**TASK REQUIREMENTS**: Copy the data below exactly, omitting any picture it contains.

**INFORMATION SHOWN**:
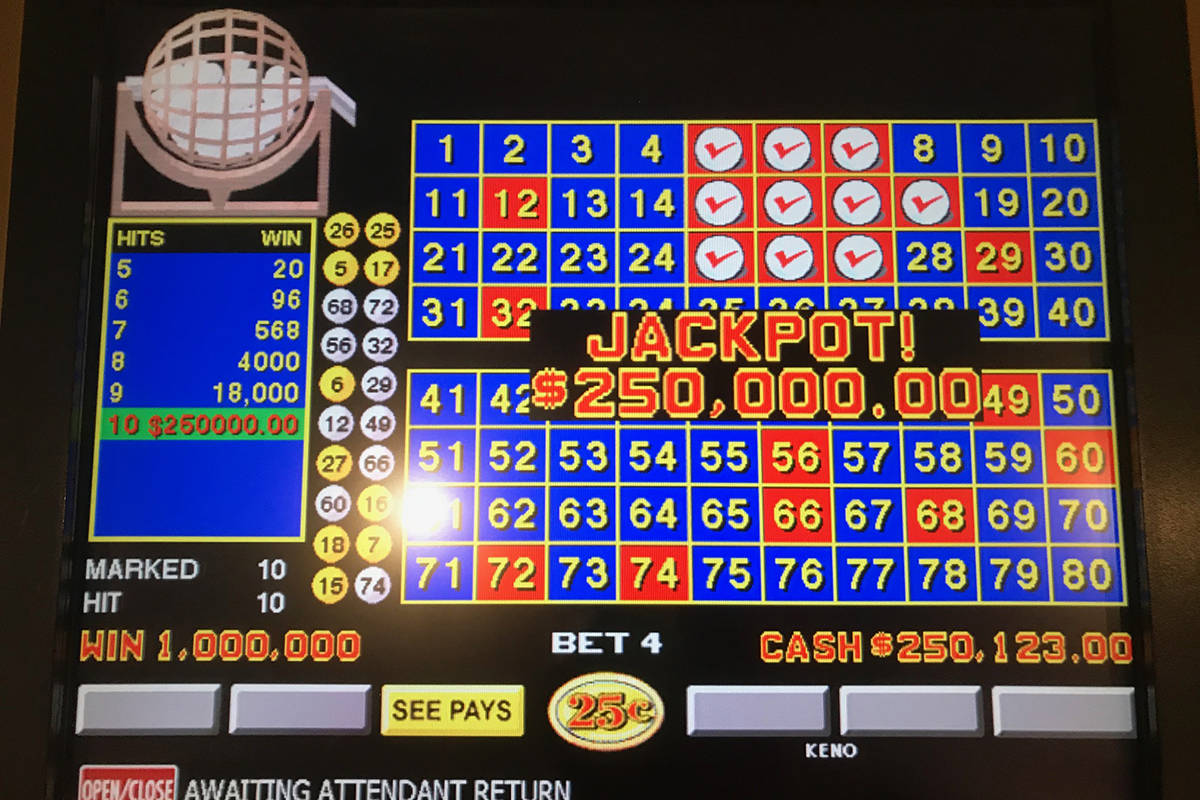 4 King Cash es un sitio web sobre casinos. Captura de pantalla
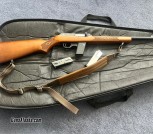 Marlin model 9 9MM carbine rifle
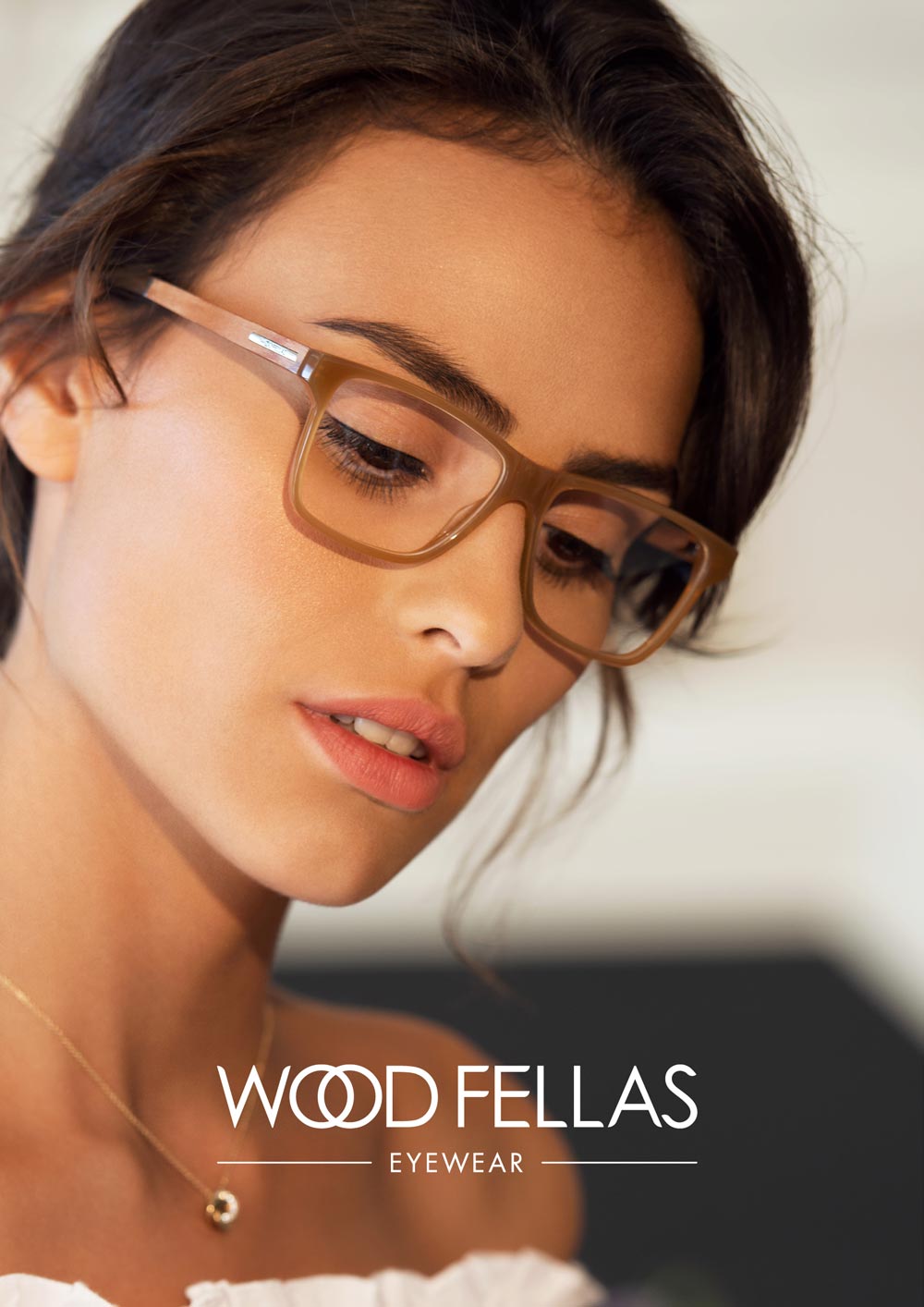 Woodfellas 01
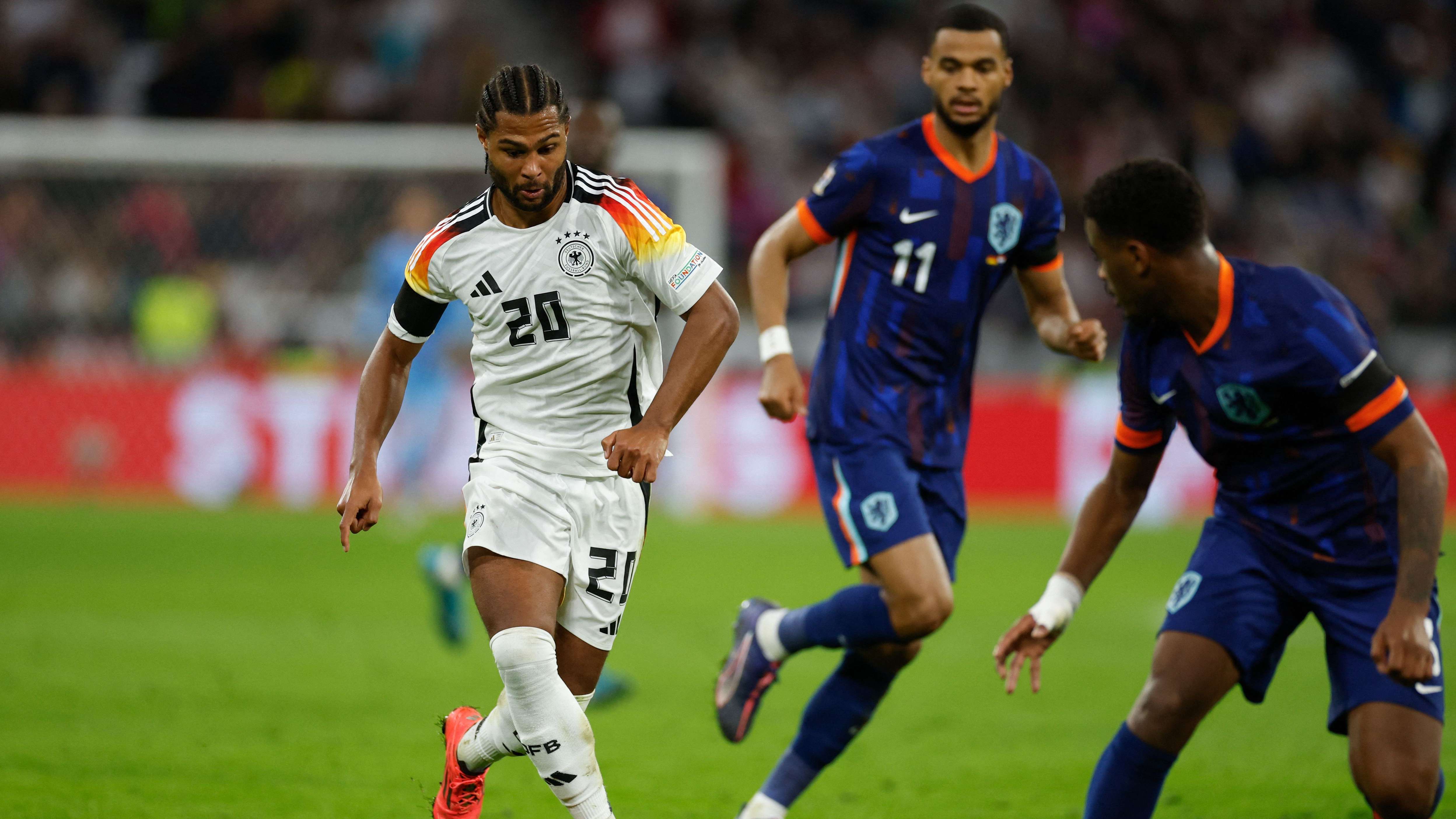 FBL-EUR-NATIONS-GER-NED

**WRITTEN RESPONSE**:
 4 King Cash es un sitio web sobre casinos. Captura de pantalla
 Marlin model 9 9MM carbine rifle
 Woodfellas 01
 FBL-EUR-NATIONS-GER-NED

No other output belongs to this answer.